DNOW — Dnow Inc.
NYSE
Q4 2025 Earnings Call Summary
February 20, 2026
DNOW Q4 2025 Earnings Call Summary
1. Key Financial Results and Metrics:
- Revenue: Q4 2025 revenue was $959 million, a 51% increase from Q4 2024, driven by MRC Global's contribution of $388 million post-merger. Full-year revenue totaled $2.8 billion, up 19% from 2024.
- Adjusted EBITDA: Q4 EBITDA was $61 million (6.4% of revenue), while full-year EBITDA reached a record $209 million (7.4% of revenue).
- Net Loss: The company reported a net loss of $147 million for Q4, impacted by merger-related costs, including $135 million in inventory step-up charges and $50 million in transaction-related expenses.
- Cash Flow: Generated $83 million in cash from operating activities in Q4, totaling $155 million for the full year.
- Liquidity: Ended Q4 with $588 million in liquidity, including $424 million available on credit facilities.
2. Strategic Updates and Business Highlights:
- Merger with MRC Global: Completed on November 6, 2025, enhancing scale, diversifying sector reach, and expanding the addressable market. The merger is expected to generate $70 million in cost synergies over three years, with $23 million anticipated in the first year.
- Operational Integration: Focus on overcoming ERP implementation challenges, particularly in U.S. operations, while leveraging DNOW's existing systems to manage customer service and order processing.
- Market Position: DNOW aims to capitalize on growth in midstream and gas utility sectors, with new product offerings like the Emtek gas meter solution and expansion into data center markets.
3. Forward Guidance and Outlook:
- 2026 Expectations: Guidance for 2026 has been delayed due to ERP challenges. Management anticipates flat to slightly down revenue in upstream markets, with growth opportunities in midstream and gas utilities.

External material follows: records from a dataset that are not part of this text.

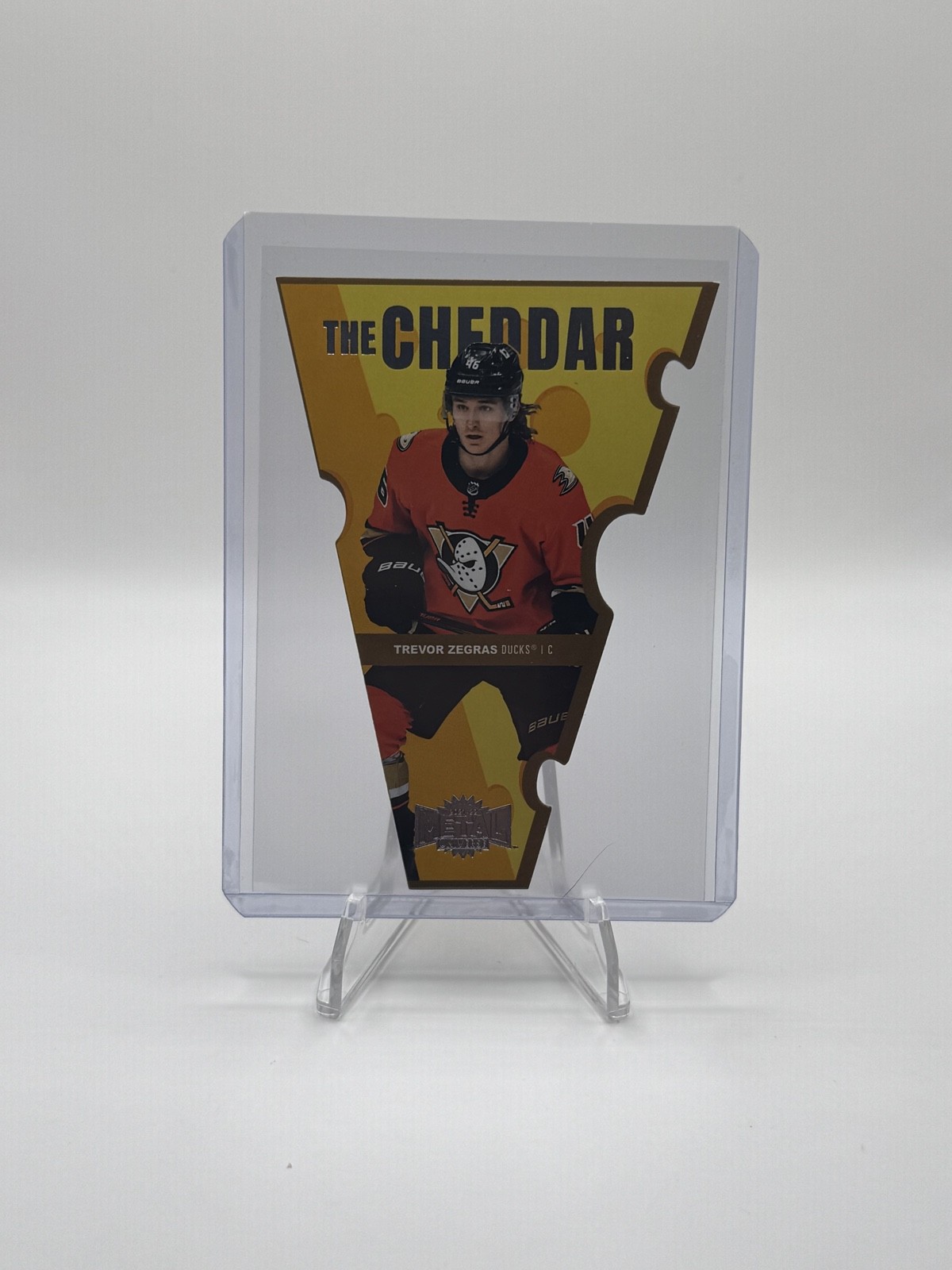 Trevor Zegras #TC-19 Hockey Cards 2021 Skybox Metal Universe The Cheddar trading card — raw and PSA graded price guide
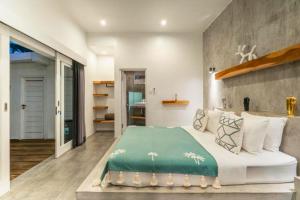 a bedroom with a large bed with a green blanket at Deimena Cozy 3 BR Private Pool Villa ZN353 in Pererenan +25 photos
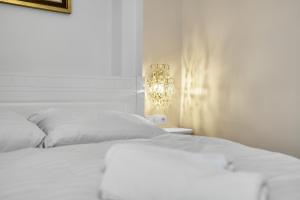Uma cama ou camas num quarto em Chateau Franz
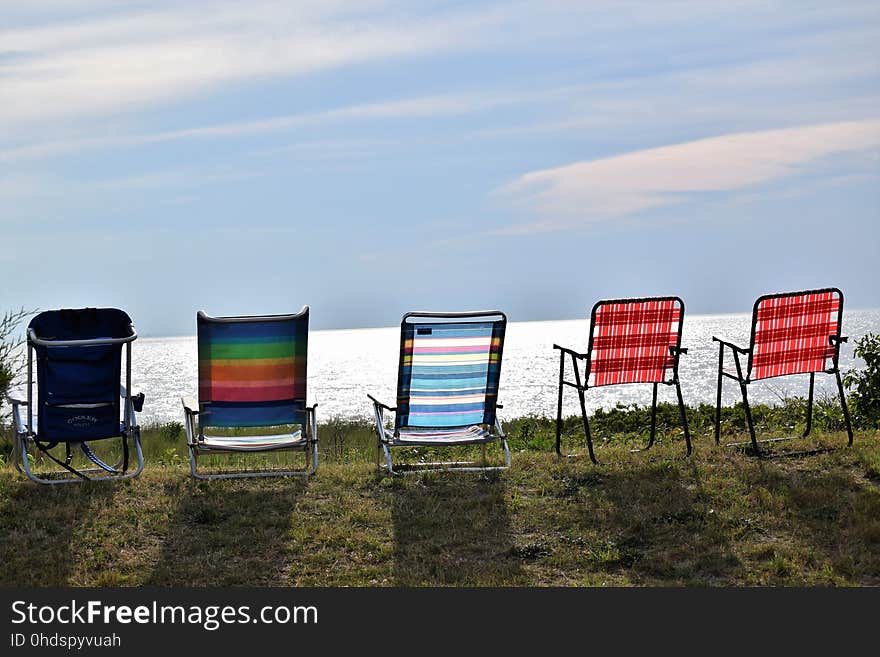 Beach Chairs lined up on the side of the bay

- Cost Synergies: The company is on track to exceed initial cost synergy targets due to expedited integration efforts.
- Cash Flow Projection: Expected free cash flow in 2026 to range between $100 million and $200 million, contingent on stabilizing operations and managing working capital effectively.
4. Bad News, Challenges, or Points of Concern:
- ERP Implementation Issues: Significant challenges with MRC Global's ERP system have negatively impacted revenue and operational efficiency, particularly in U.S. operations. The system is slow and has led to inefficiencies in order processing and customer service.
- Declining Metrics: Q4 revenue from legacy DNOW was down approximately 10% sequentially, reflecting broader market contraction and ERP-related disruptions.
- Market Conditions: Upstream market activity is expected to remain flat to down, with capital discipline among operators affecting growth.
5. Notable Q&A Insights:
- ERP Transition Impact: Management acknowledged that ERP issues are primarily affecting U.S. operations and are working to mitigate these through DNOW systems. They are optimistic about resolving these issues but could not provide a specific timeline.
- Long-term Vision: The combined company aims to enhance competitiveness through better supplier relationships and operational efficiencies, with a long-term goal of maintaining EBITDA margins around 8%.
- Employee Retention: The company is focused on retaining key talent during the transition, offering financial incentives and leadership opportunities to ensure stability and performance.
This summary encapsulates DNOW's financial performance, strategic direction, and challenges as they navigate a significant merger and operational integration.